**DATA RECORDS:**
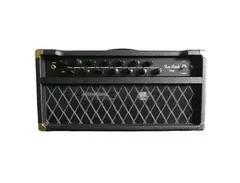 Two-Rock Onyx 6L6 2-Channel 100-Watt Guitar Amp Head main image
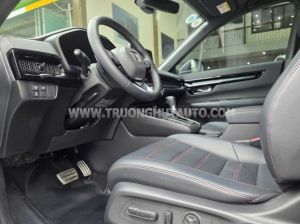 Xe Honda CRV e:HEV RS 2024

...

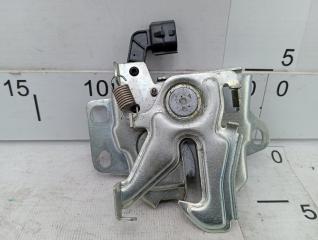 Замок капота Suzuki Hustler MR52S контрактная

--

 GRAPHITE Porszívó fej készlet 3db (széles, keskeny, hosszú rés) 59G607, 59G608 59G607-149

**TASK STATEMENT:** From the records above, extract the lines from the one holding "Two-Rock Onyx 6L6" through the one holding "Xe Honda CRV e:HEV RS 2024", word for word; omit the pictures.

**EXERCISE ANSWER:**
 Two-Rock Onyx 6L6 2-Channel 100-Watt Guitar Amp Head main image
 Xe Honda CRV e:HEV RS 2024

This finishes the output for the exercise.